PROBLEM:
Will you output all of the data below exactly, omitting the images?

(Image-text web data)
--- START ---

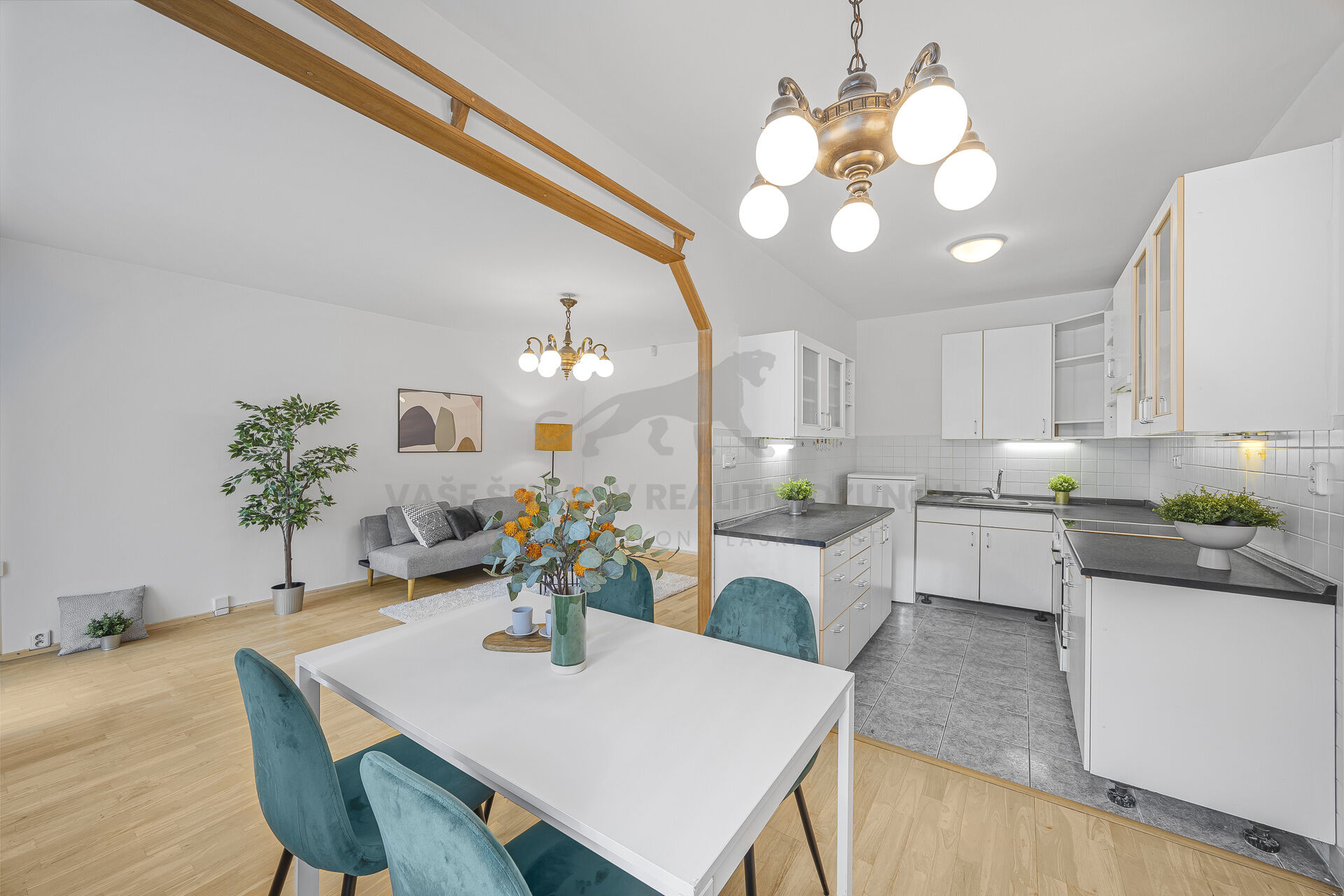 Tichý byt 3+kk u metra Flora s balkónem a 2 sklepy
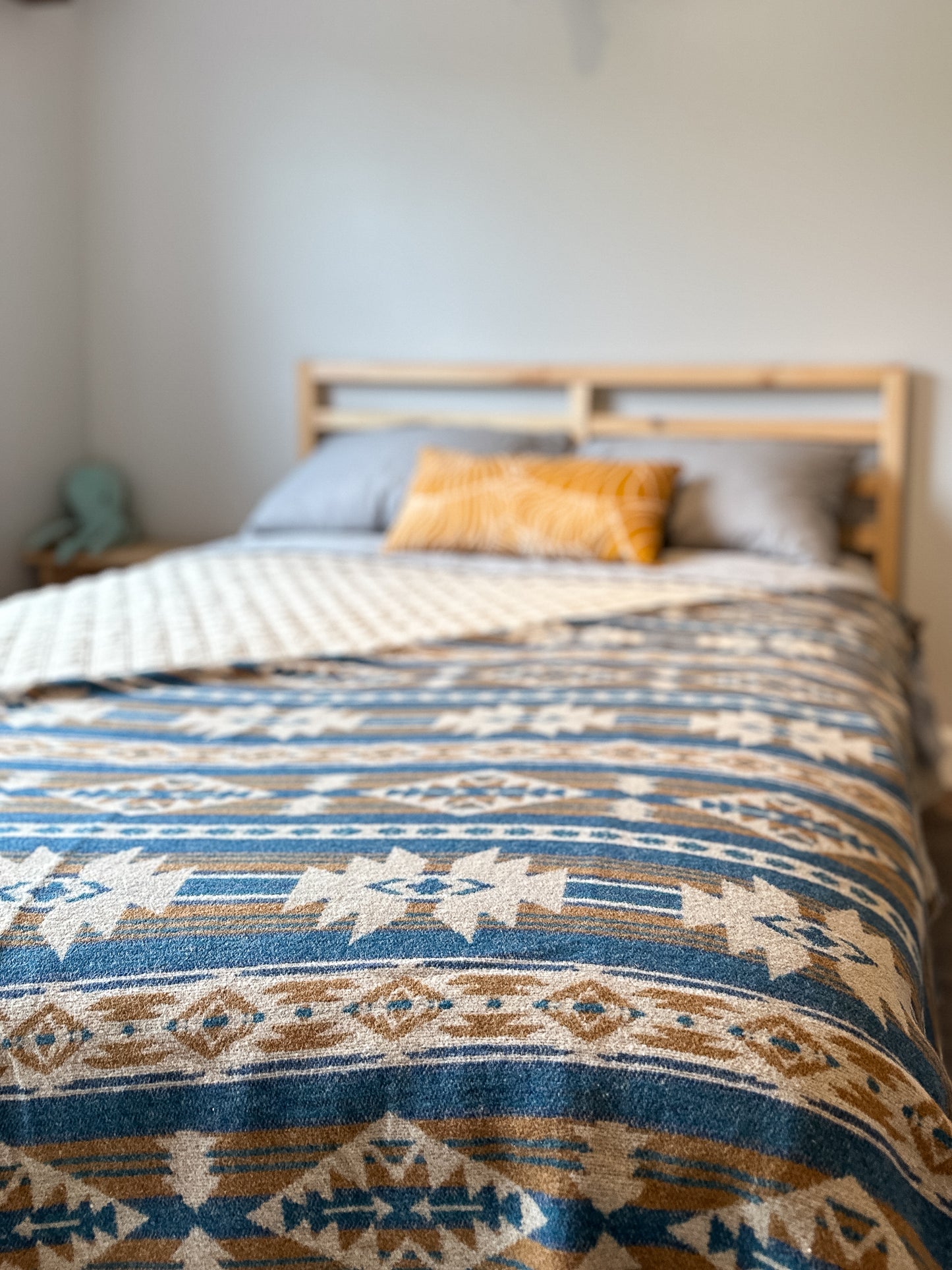 Couverture - Jeté en laine à motif boho aztèque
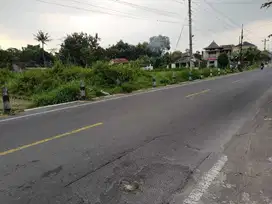 Tanah pinggir jalan utama tamanmartani utara bogem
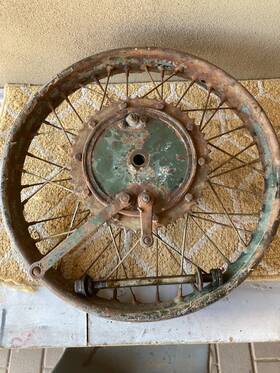 3324579 Ariel Rear Wheel And Brake Unknown Model Red Hunter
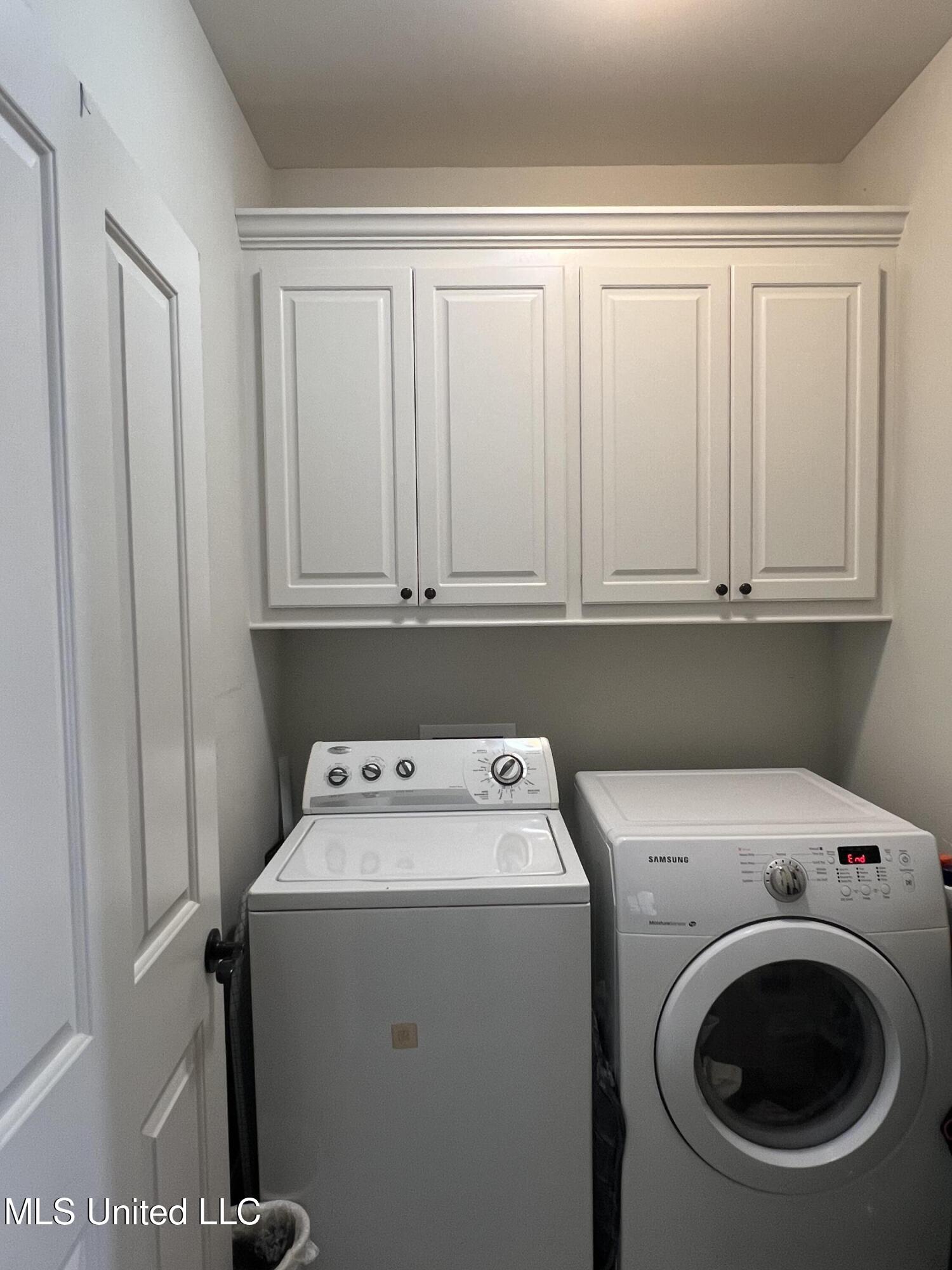 137 Camden Crossing Madison, MS 39110 - Photo 18 of 25 Laundry Room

--- END ---

ANSWER TO THIS TASK:
 Tichý byt 3+kk u metra Flora s balkónem a 2 sklepy
 Couverture - Jeté en laine à motif boho aztèque
 Tanah pinggir jalan utama tamanmartani utara bogem
 3324579 Ariel Rear Wheel And Brake Unknown Model Red Hunter
 137 Camden Crossing Madison, MS 39110 - Photo 18 of 25 Laundry Room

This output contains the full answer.